SOUTH AFRICA AND THE WORLD

South Africa will be particularly important to any global movement. Out of 60 million South Africans, eight million are living with HIV. Six million of them are getting the drugs, many with help from PEPFAR.

Over the last fifty years, South Africa has seen enormous social movements. They are combative, angry and brave people. That’s why the Treatment Action Campaign won last time. And those people have not gone away. There will be a strong movement in South Africa.

But just how strong will depend on whether South Africans think they can win. And there will be many people at the top of South African society saying that Donald Trump and Big Pharma are too big to fight. They are there now because there are a lot of people like that in elites all over the world. We can see them compromising and crawling to Trump right now.

If we have a global movement, in South Africa and the United States, that will make all the difference in each local and national campaign.
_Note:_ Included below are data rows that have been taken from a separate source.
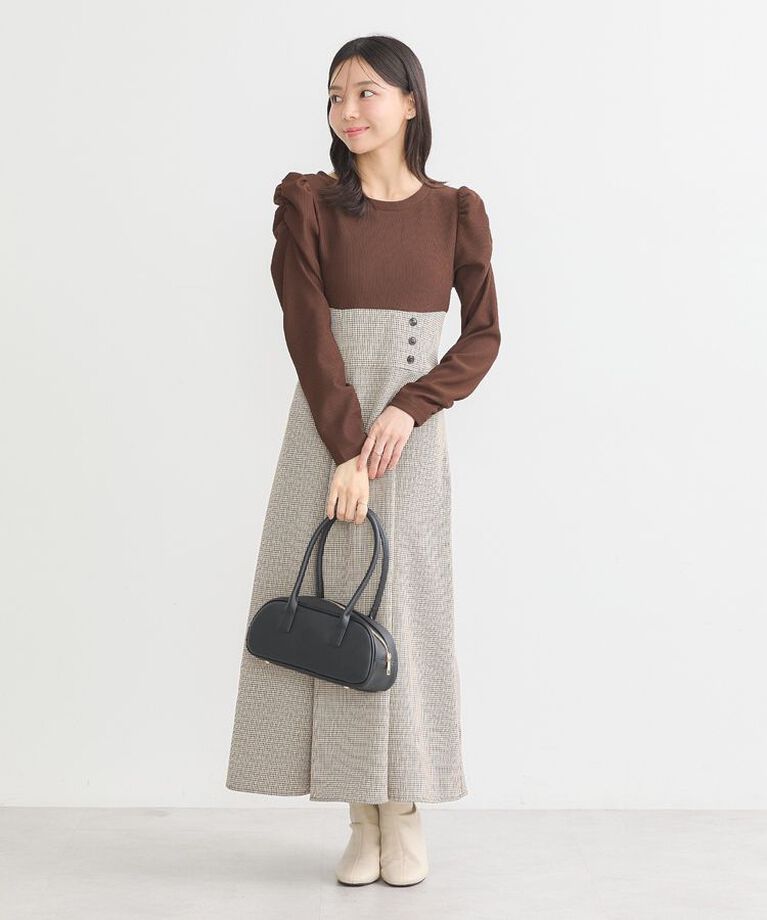 earth music&ecology「リブカットソードッキングワンピース」|ワンピース|Brown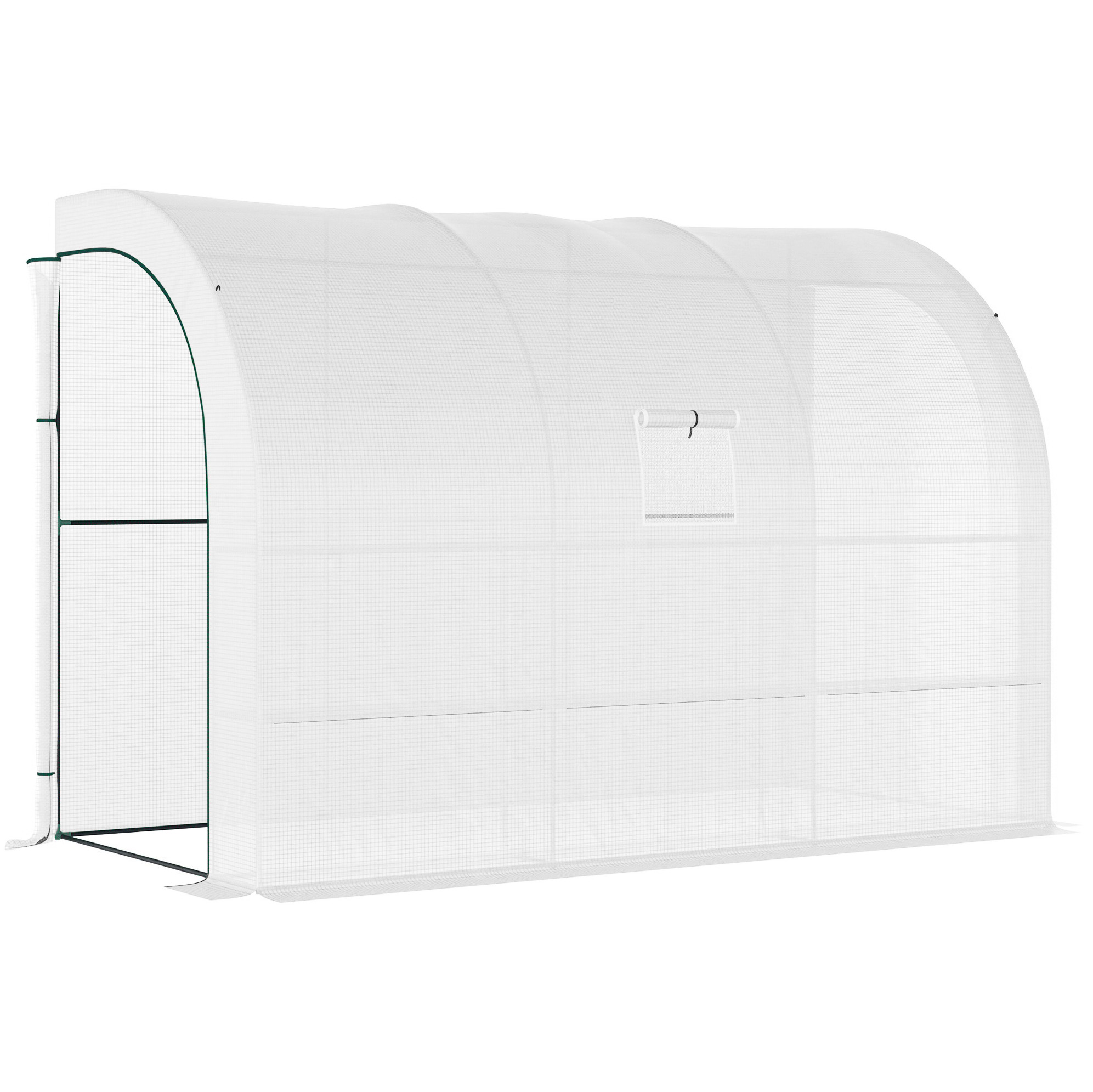 Foliengewächshaus Tunnel Mit 6 Stahlregalen 300 X 150 X 213 Cm Weiß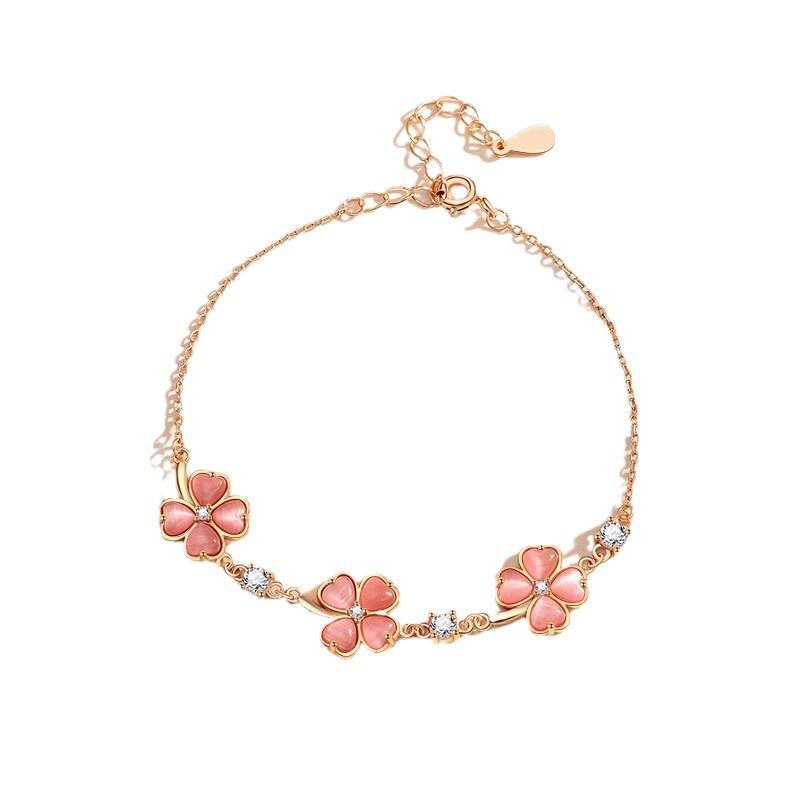 Four-Leaf Clover Bracelet Female Sweet Ins Niche Design Girlfriend Hand Jewelry Valentine'S Day Gift For Girlfriend Quality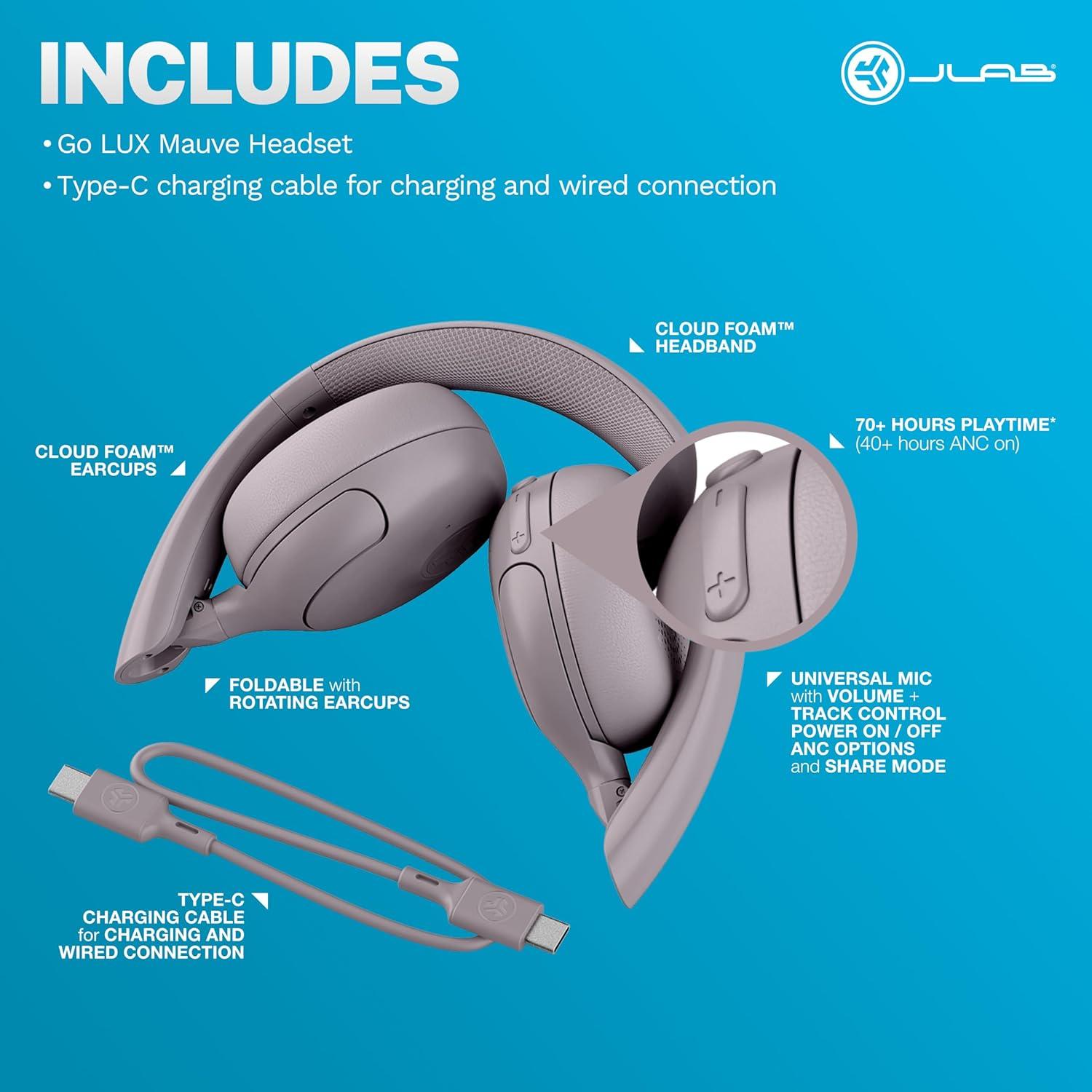 imageJLab Go Lux ANC Wireless Headphones Graphite Hybrid Active Noise Cancelling Premium OnEar Bluetooth Headset Customizable Sound Be Aware Mode Cloud Foam Comfort Multipoint ConnectionMauve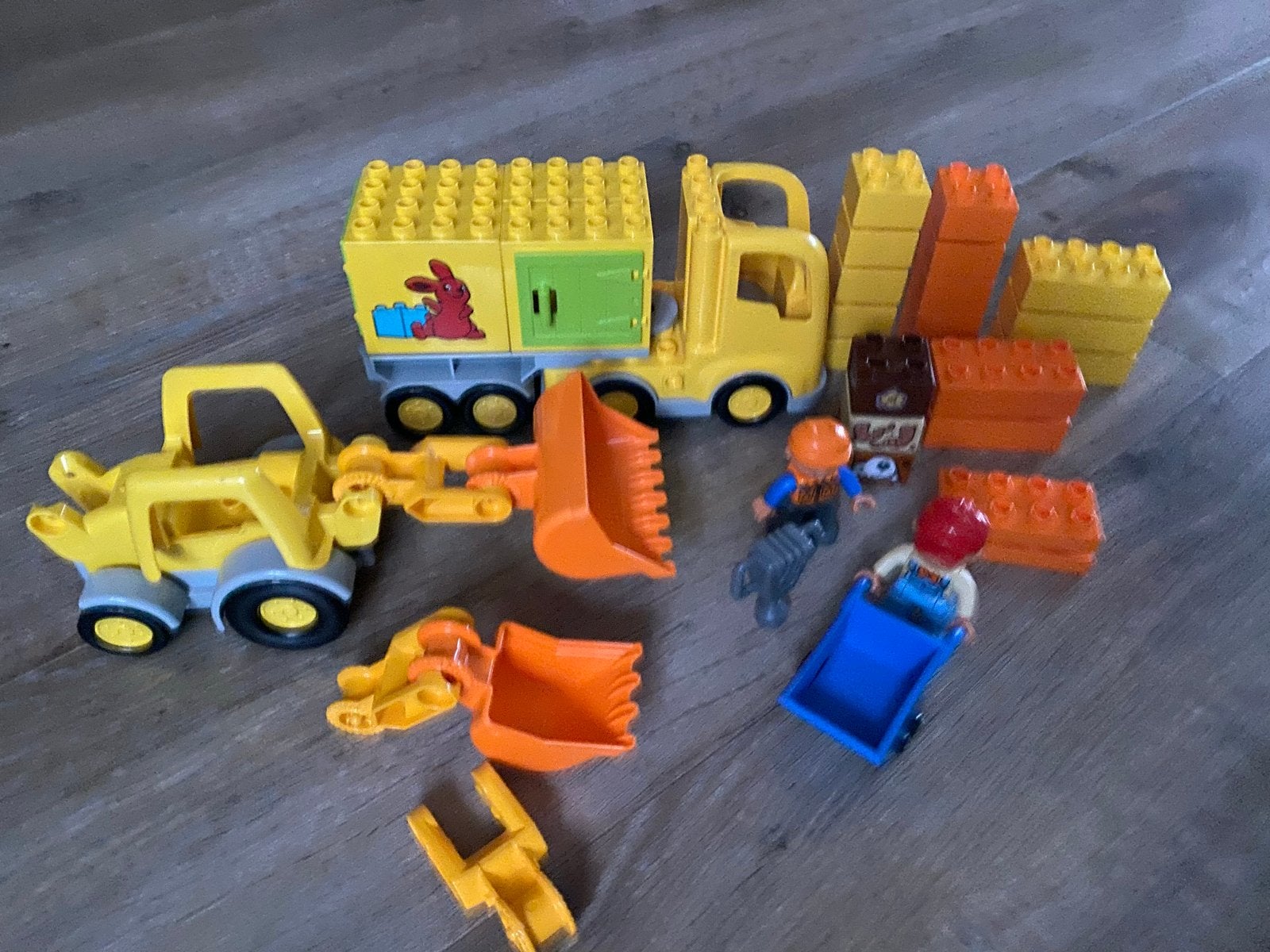 Duplo weg werkzaamheden set met voertuigen en figuren, Inclusief minifiguren, Gebruikt, Ophalen of Verzenden, Duplo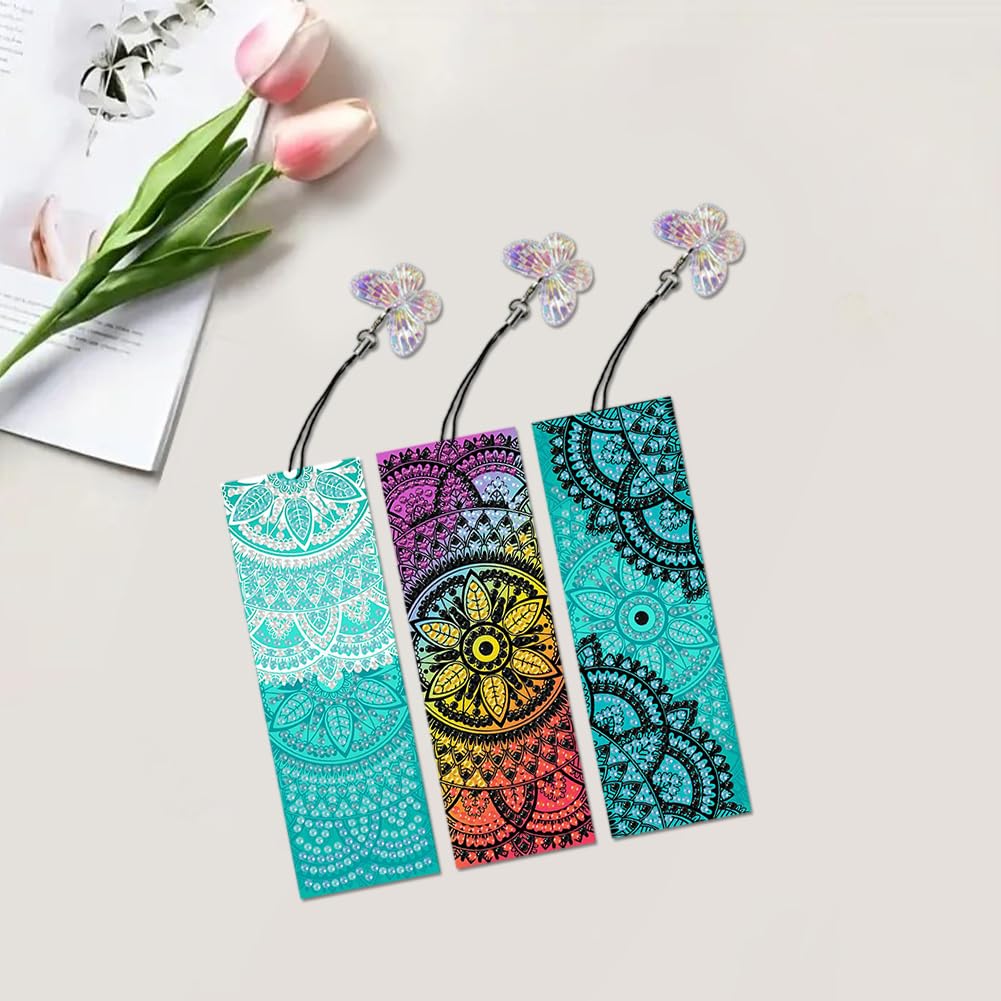 3Pcs Diamond Art Bookmarks, Diamond Painting Bookmarks Kits for Women, Kaleidoscope DIY Bookmark for Beginners Adults Arts Craft Generic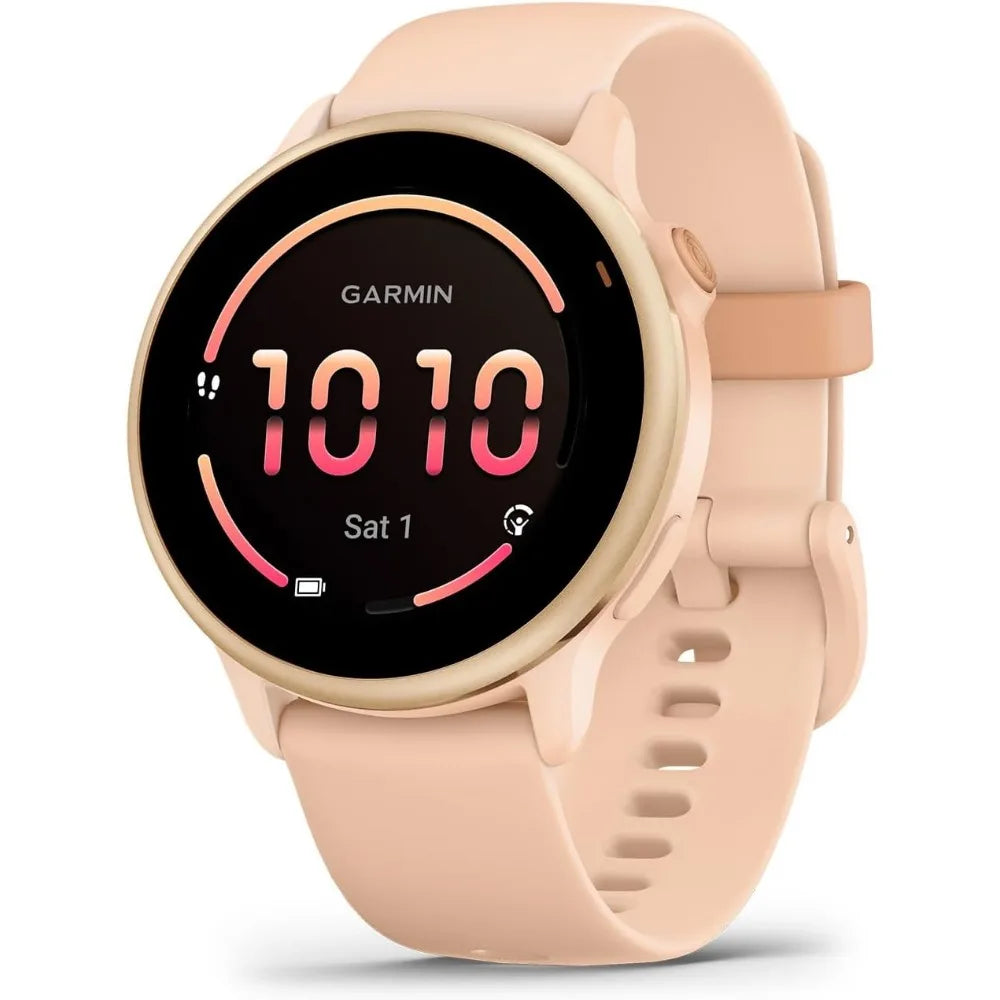 GPS Smartwatch: AMOLED, Long Battery, Heart Rate, Sleep, Music Storage, Water Resistant
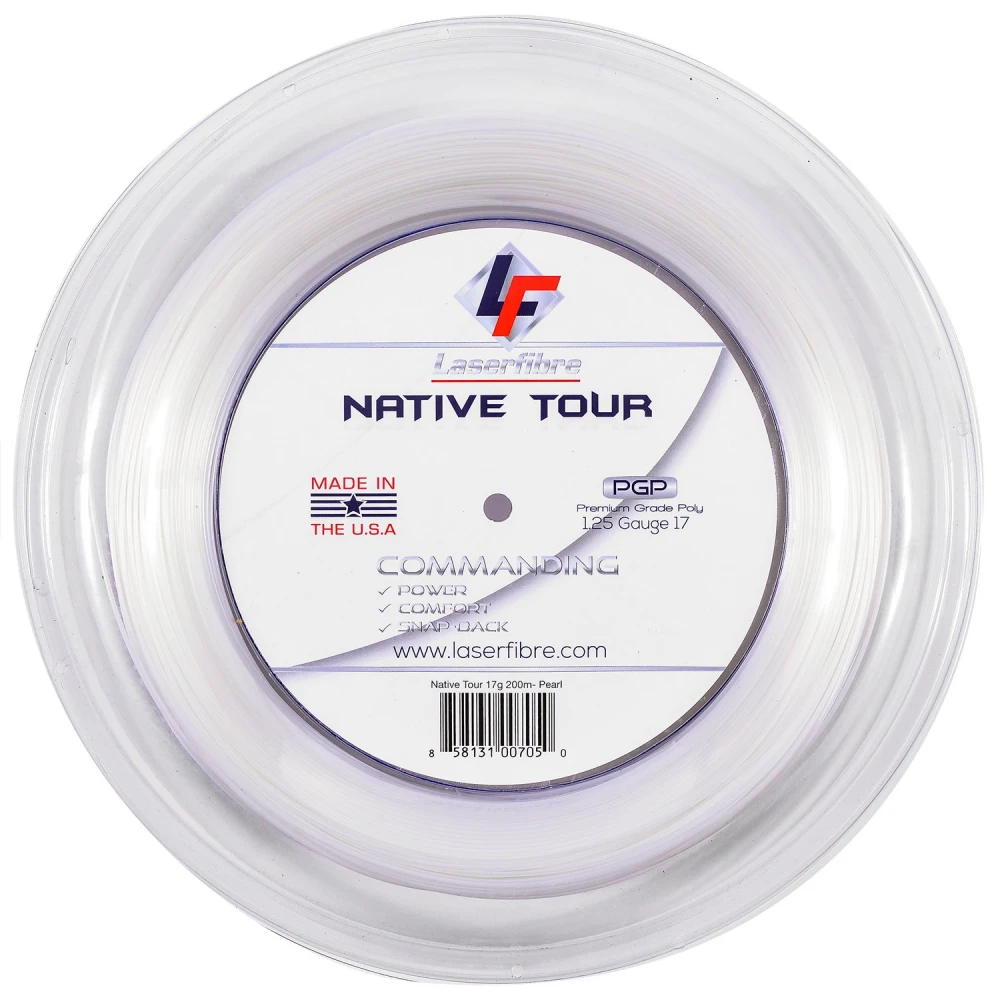 Laserfibre Native Tour 17g Pearl White Tennis String (Reel)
Think of people with HIV speaking in meetings at union branches, universities and churches all over the United States.  Think of a protest march to the American Embassy in South Africa big enough to be seen on every television screen in Africa and the United States.

The containment of HIV is the one great global victory of social movements over the last fifty years. It is the arena where, after much grief, humanity came together to care for each other. Trump’s cruelty, his racism and his homophobia must not stand.

JONATHAN NEALE is the author of Fight the Fire: Green New Deals and Global Climate Jobs, and with Nancy Lindisfarne, Why Men: A Global History of Violence and Inequality.


[1] ‘The Politics of AIDS’, International Socialism, 1991, 53:  1-28; ‘Emotional Aspects of HIV’, Physiotherapy, 1993, 79 (3): 173-177; The Laughter of Heroes (a novel), Serpents Tail, 1993; Chapter 4 in You are G8, We Are 6 Billion, Vision, 2002, 73-88; and a chapter with Nancy Lindisfarne in our book on The Sexual Politics of Capitalism, to come out with The New Press in Autumn 2025.